The Review: It seemed like such a no-brainer to start this year’s visit to the October Country with a crisp Northeastern sailing novel. After all, some would say that the Great American Novel is a sailing – nay, even a whaling – novel (although having never actually read it, I’d argue that Gatsby is the GAN, but, that’s for another time) and plus, the pen-and-ink drawing on the cover gives me that sensation of autumn. Too bad the weather in New York decided to take a turn for the muggy and awful this past week – and too bad the novel didn’t quite live up to my expectations.

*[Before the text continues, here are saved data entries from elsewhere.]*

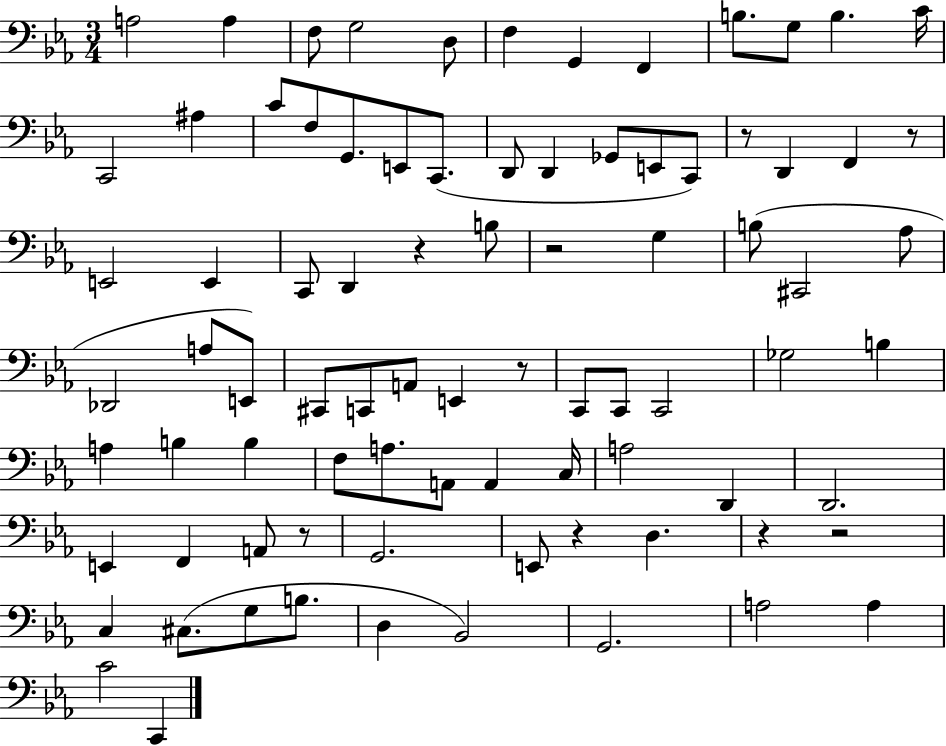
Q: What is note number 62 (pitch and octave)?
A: G2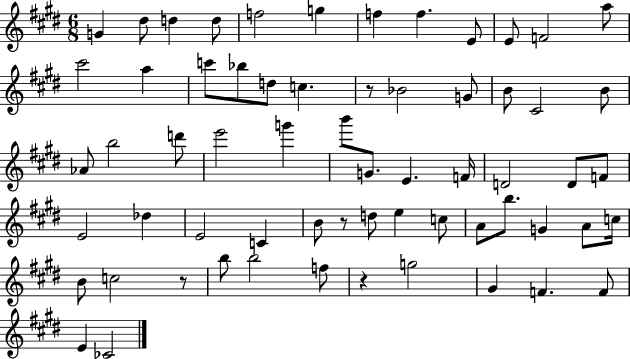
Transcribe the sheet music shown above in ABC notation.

X:1
T:Untitled
M:6/8
L:1/4
K:E
G ^d/2 d d/2 f2 g f f E/2 E/2 F2 a/2 ^c'2 a c'/2 _b/2 d/2 c z/2 _B2 G/2 B/2 ^C2 B/2 _A/2 b2 d'/2 e'2 g' b'/2 G/2 E F/4 D2 D/2 F/2 E2 _d E2 C B/2 z/2 d/2 e c/2 A/2 b/2 G A/2 c/4 B/2 c2 z/2 b/2 b2 f/2 z g2 ^G F F/2 E _C2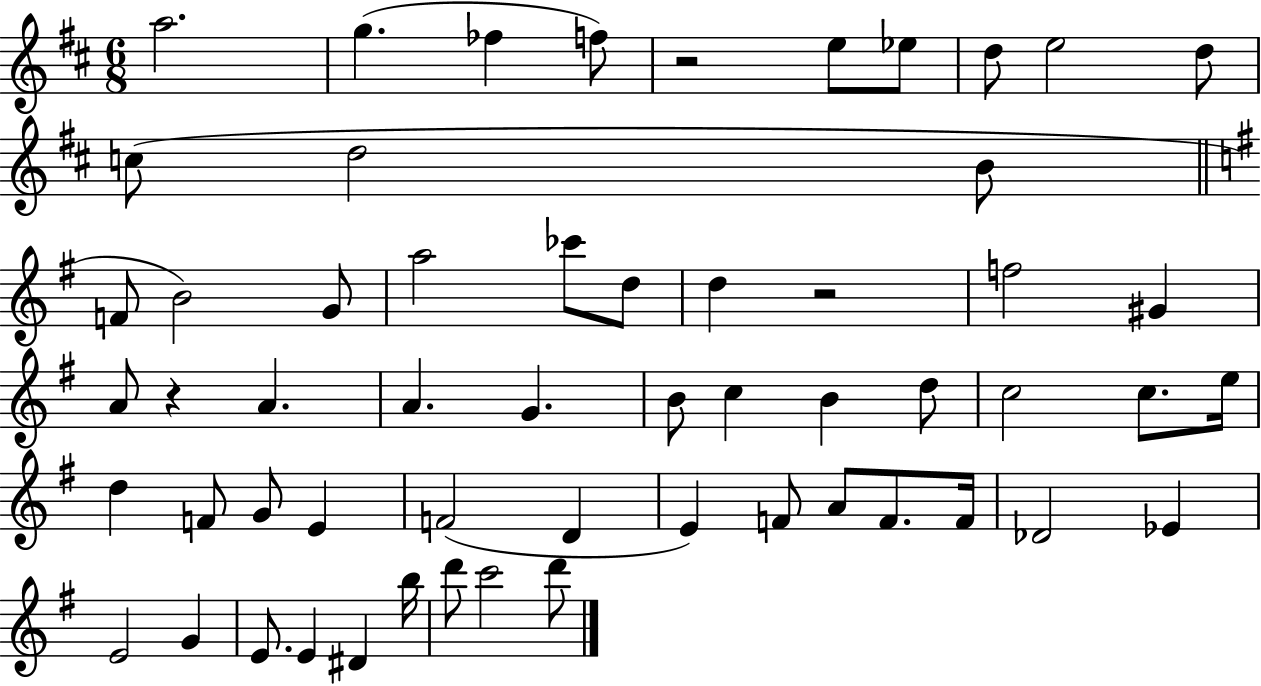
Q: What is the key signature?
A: D major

I’m struggling to encapsulate my feelings about this book because I rather feel as though the book doesn’t do a fantastic job at encapsulating itself. It never knows quite what it wants to be and continually undercuts itself whenever it gets too close to being one thing. Is it an adventure novel, in the classic (and Classical) sense? Starts out that way but retrospectively, there’s very little adventure going on. Is it a coming-of-age story? Yes, but there’s also quite a bit of epic family history – to the point that we don’t so much care about our main character as much as we do the other family members.
I think that’s actually my biggest gripe about this book: Mercy was less interesting to me than almost all of the other characters we meet over the course of the novel. Moses Rathbone’s vision (both literally and metaphorically), the golden girls of the Starks, even Mordecai – they’re all more interesting characters than Mercy, because Mercy knows/understands so little. She greatly comes of age over the course of the novel but I’m not sure that anything she learns feels entirely… earned, I guess, is the word I want to use. She makes a realization about her father at one point but then… doesn’t really seem to register it for several more chapters. It all just felt hazy.

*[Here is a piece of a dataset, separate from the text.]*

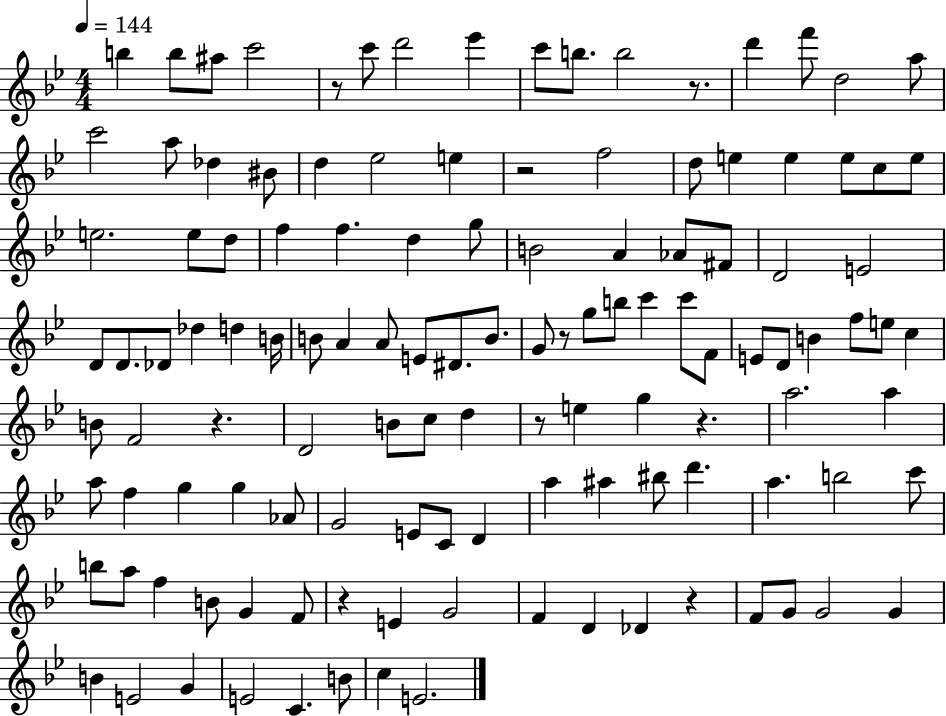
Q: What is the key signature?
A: BES major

Indeed, Mercy’s whole quest felt hazy when compared to the rest of the book. Was it originally meant to be an epic retelling of the Odyssey? There are sirens, there are strange other islands of ruined temples and odd families… but Clark rather gives up on the sea journey and that feels like a betrayal to the reader.
At the same time, though, I can kind of understand why. Every time we hear snippets of the family history, those are the stories we’re drawn to. It is more interesting to hear about how the Rathbones rose and fell than it is to hear about their current bottoming out. And Clark’s writing seems to encourage that interpretation – the chapters of history fly by, as fun to read as they must’ve been to write. It can be almost jarring when we suddenly snap back into the somewhat less magical present.
I’m also curious about the Gothic/macabre/magical elements of this story – and why they stay so heavily on the periphery. It’s a setting that should encourage the writer to really go whole-hog: a strange, ramshackle house, a creepy/odd cousin in the attic, strange sexual things not yet understood by children, a cursed family, a dead child. All of the elements are there but Clark seems to pull back each time she gets to the brink – and that’s a shame. The Rathbones clearly had magic in them at one time, with this ability to see into the water, see the course of the whales and understand them – but we never really get into it other than seeing it fade away. While that fade is an interesting plot point to be certain, it’s also… I don’t know, the rest of the world doesn’t seem to support the magic of the Rathbone family. BUT then there are these quirky moments like the current Stark archipelago, the sirens, even the super-old Rathbone wives… I don’t know, there’s just a lack of cohesion to the story and I can’t quite explain it otherwise.
Rating: 3.5 out of 5. I wanted so much more from this book and that’s always the curse, isn’t it? I wanted it to be something that it wasn’t, based simply on the blurb and the cover – and so then my rating becomes about the distance between the two. This is a well-written book, full of feeling and beauty, but it also lacks a certain something, a certain cohesion, that might’ve made it exceptional. Every time the magic sucks you in, there’s something to drop you back out again – that inconsistency is just a bummer.